Cuando pretendía terminar la noche de manera tranquila, sucedió algo que cambiaría mi vida. Unos amigos, ubicados en una de las mesas del fondo y a los que casi no distinguía, me llamaban. Había una chica con ellos, alguien a quien nunca había visto. Me acerqué para ver de quién se trataba. Notaba un cabello castaño y una vestimenta sencilla; es decir, no buscaba provocar, pero se veía bien.

Al llegar a la mesa reconocí a todos mis amigos, quienes me saludaron entre bromas. Cuando fue el turno de conocer a la chica de la mesa, me quedé petrificado por dentro y sonriente por fuera. No es posible reproducir con palabras lo que sentí esos momentos, pero mientras me decían «te presento a Zoe» esas cuatro palabras parecían durar cuatro minutos. Inmediatamente, vi sus ojos tan tiernos, su sonrisa tan angelical y la perfección de un rostro radiante que brillaba en la oscuridad. Todo se me quedó grabado. Definitivamente, era otra clase de chica, una especie en extinción, un ser irreal que había bajado del cielo a visitarnos. Con solo una sonrisa había borrado de mi mente las miradas coquetas, escotes, faldas y todo lo que hasta ese momento mi memoria había registrado del lugar. Esta chica no era para conocerla con una sonrisa solamente, era para hablarle con el corazón.

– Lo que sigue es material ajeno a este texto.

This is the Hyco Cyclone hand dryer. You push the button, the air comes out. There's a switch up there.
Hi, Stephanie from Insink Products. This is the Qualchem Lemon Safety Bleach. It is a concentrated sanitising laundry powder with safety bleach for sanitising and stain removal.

No perdí el tiempo y me senté a su lado. Estaba cerca y no podía soportar esa mirada tan angelical y ese brillo en sus ojos, pero, al mismo tiempo, quería controlarla, adueñarme de ella. Traté de recuperar la situación, no sé si puse cara de idiota, pero, por dentro, no dudo de haberme sentido así.

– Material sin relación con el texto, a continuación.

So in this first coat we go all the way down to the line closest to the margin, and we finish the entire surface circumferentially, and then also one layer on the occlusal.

Fue luego de unos segundos, en los que no recuerdo lo que habíamos conversado, que ella me comentó que mis amigos habían hablado muy bien de mí. Recién en ese momento sentí que me miraba con una inocente y a la vez evidente muestra de interés. Si alguna vez en la vida ha existido una mirada que diga «me gustas», esa era la que me estaba dando en ese mismo instante. Puede que me haya equivocado y que todo haya sido fruto de mi imaginación, pero en ese momento estaba convencido de que así era, lo que me ayudó a sentirme más seguro para lo que tenía que hacer.

Podía intentar pensar qué movimientos, miradas o acciones efectuar; sin embargo, no podía enlazar mis ideas, aunque luego noté que, mostrándome tal como era, lo estaba haciendo muy bien.

No pensaba. Todo fluía, a tal punto que el resto de mis amigos no existían. Estábamos ella y yo conversando, contemplándonos y sonriéndonos. Zoe no era coqueta, pero la química y la mirada decían mucho más que mil palabras o dos mil posturas. Sin darnos cuenta, nuestros hombros, al igual que nuestras piernas, ya estaban rozándose de manera involuntaria, siguiendo la ley de la atracción.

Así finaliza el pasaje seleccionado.